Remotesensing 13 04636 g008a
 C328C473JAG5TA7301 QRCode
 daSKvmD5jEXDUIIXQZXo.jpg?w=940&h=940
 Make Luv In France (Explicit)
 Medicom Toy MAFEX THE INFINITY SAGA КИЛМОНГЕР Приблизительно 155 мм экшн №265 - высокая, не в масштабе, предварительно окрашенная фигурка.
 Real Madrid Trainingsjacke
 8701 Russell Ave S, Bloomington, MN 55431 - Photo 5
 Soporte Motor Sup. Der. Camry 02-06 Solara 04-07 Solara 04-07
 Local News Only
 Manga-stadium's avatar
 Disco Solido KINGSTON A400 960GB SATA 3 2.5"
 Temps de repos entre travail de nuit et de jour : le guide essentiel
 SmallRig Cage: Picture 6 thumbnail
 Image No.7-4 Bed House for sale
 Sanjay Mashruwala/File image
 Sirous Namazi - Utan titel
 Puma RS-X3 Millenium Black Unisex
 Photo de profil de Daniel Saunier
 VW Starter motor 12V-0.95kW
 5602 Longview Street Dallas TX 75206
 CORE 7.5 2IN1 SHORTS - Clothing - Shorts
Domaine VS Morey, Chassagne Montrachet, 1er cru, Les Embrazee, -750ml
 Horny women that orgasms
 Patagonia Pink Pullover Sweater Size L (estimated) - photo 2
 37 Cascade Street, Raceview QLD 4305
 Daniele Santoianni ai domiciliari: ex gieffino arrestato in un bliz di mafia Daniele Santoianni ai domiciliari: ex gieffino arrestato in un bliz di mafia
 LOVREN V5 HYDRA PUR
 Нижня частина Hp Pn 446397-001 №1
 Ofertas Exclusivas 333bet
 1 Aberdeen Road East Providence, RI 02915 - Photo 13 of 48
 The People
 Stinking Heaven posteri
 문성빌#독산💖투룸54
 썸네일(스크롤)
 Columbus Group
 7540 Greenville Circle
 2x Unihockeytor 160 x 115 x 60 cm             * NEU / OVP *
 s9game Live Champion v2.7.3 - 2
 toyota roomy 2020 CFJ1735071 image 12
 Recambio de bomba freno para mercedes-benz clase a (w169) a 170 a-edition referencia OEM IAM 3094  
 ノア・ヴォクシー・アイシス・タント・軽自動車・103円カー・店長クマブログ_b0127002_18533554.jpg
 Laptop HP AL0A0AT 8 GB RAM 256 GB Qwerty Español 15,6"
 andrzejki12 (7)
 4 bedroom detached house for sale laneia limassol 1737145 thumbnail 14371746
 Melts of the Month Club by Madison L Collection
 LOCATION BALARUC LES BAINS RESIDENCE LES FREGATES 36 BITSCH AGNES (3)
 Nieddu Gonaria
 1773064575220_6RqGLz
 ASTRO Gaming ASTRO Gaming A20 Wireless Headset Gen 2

- TASK DIRECTIONS -
Which lines of the records above hold the word "thumbnail"? Copy each of them.

- FINISHED TASK -
 SmallRig Cage: Picture 6 thumbnail
 4 bedroom detached house for sale laneia limassol 1737145 thumbnail 14371746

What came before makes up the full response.